Pengadilan Yogyakarta Gelar Sidang PK Nasib Terpidana Mati Mary Jane

Mary Jane Fiesta Veloso (menunduk, berbaju putih garis-garis biru) didampingi penerjemah barunya, yang bisa berbahasa Tagalog, di Pengadilan Negeri Sleman, Yogyakarta (Foto: VOA/Nurhadi)

Pengadilan Negeri Sleman, Yogyakarta selama dua hari menggelar sidang terkait upaya Mary Jane, salah seorang terpidana mati kasus narkoba yang permohonan grasinya sudah ditolak oleh Presiden Jokowi, untuk mengajukan Peninjauan Kembali.

Di tengah upaya pemindahan para narapidana mati ke Pulau Nusakambangan oleh pemerintah, Mary Jane Fiesta Veloso masih berharap nyawanya selamat. Terpidana mati kasus narkoba ini permohonan grasinya sudah ditolak oleh Presiden Jokowi. Dia adalah satu dari sepuluh warga negara asing terpidana mati, yang akan menghadapi regu tembak dalam waktu dekat. Harapan terakhirnya ada di Mahkamah Agung.

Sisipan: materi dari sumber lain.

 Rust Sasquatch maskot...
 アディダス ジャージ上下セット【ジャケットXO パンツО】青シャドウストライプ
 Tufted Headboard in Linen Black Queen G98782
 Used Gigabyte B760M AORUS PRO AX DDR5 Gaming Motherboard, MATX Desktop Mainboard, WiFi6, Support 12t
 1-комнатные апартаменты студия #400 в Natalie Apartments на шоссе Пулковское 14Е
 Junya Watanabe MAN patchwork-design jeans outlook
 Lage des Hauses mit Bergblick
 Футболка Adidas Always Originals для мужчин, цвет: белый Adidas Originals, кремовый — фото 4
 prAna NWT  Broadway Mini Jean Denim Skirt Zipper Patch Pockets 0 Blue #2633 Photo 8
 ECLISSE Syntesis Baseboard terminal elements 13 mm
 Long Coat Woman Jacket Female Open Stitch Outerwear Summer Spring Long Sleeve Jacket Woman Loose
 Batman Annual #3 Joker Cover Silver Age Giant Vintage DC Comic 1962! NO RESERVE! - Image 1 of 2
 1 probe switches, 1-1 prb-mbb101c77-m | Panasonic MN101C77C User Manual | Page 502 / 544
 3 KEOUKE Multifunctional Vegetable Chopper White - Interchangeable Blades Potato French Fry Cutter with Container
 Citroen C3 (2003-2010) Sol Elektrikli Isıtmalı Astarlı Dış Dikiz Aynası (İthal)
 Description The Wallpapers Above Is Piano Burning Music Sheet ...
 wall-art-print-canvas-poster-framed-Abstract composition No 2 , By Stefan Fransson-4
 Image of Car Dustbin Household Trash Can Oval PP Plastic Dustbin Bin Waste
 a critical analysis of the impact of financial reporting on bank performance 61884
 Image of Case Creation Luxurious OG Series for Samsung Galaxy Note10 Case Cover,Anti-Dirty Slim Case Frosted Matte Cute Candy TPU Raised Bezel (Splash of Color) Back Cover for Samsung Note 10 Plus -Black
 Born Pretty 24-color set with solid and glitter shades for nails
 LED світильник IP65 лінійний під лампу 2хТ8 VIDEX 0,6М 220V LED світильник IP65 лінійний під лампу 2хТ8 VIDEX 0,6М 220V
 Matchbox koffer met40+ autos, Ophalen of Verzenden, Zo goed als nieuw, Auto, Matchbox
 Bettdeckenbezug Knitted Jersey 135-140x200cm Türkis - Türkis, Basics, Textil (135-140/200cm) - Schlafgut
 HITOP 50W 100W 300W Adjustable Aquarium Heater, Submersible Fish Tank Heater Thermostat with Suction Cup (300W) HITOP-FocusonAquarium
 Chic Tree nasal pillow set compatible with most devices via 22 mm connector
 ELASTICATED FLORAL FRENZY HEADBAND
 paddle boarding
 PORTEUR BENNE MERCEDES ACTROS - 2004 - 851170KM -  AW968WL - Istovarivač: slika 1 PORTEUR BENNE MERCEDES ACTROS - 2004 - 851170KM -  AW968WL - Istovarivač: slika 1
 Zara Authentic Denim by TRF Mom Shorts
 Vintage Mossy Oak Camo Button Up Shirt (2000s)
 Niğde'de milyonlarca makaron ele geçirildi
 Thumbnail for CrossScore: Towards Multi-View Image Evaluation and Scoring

Pengadilan Negeri Sleman, Yogyakarta selama dua hari menggelar sidang terkait upaya Mary Jane mengajukan Peninjauan Kembali. Mengenakan baju garis-garis dan celana jins biru, perempuan yang kini bisa berbahasa Indonesia itu terlihat sedih dan tertekan.

Agus Salim, pengacara Mary Jane mengungkapkan, upaya peninjauan kembali yang kedua ini didasari fakta, bahwa pengadilan sebelumnya gagal menghadirkan penerjemah yang kompeten.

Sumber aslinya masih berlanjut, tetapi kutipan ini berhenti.